------ Raw data ------

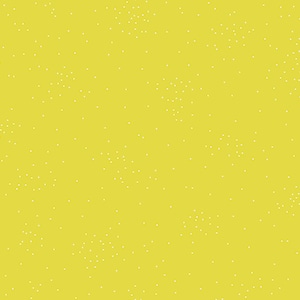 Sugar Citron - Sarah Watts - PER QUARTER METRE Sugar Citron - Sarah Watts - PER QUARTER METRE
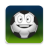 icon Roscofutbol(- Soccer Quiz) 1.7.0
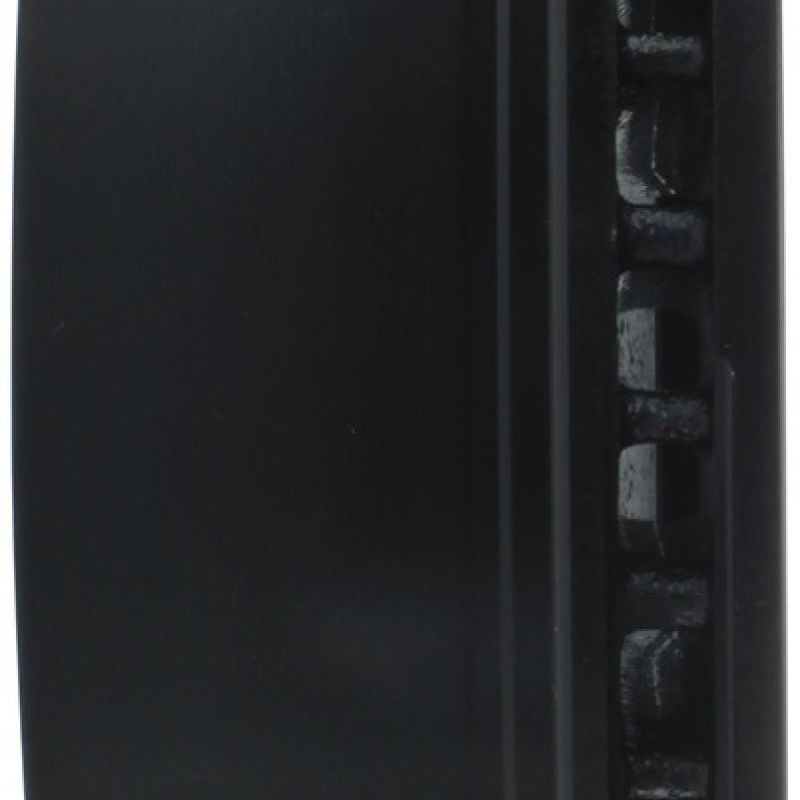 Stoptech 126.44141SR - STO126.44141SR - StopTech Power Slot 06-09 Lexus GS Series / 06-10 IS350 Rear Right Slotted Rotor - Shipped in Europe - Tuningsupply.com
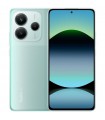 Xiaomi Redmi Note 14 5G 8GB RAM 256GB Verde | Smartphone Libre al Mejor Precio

------

• Description of the task: Pictures stay out. Everything else in the listing gets printed exactly.

• Task output:
 Sugar Citron - Sarah Watts - PER QUARTER METRE Sugar Citron - Sarah Watts - PER QUARTER METRE
 icon Roscofutbol(- Soccer Quiz) 1.7.0
 Stoptech 126.44141SR - STO126.44141SR - StopTech Power Slot 06-09 Lexus GS Series / 06-10 IS350 Rear Right Slotted Rotor - Shipped in Europe - Tuningsupply.com
 Xiaomi Redmi Note 14 5G 8GB RAM 256GB Verde | Smartphone Libre al Mejor Precio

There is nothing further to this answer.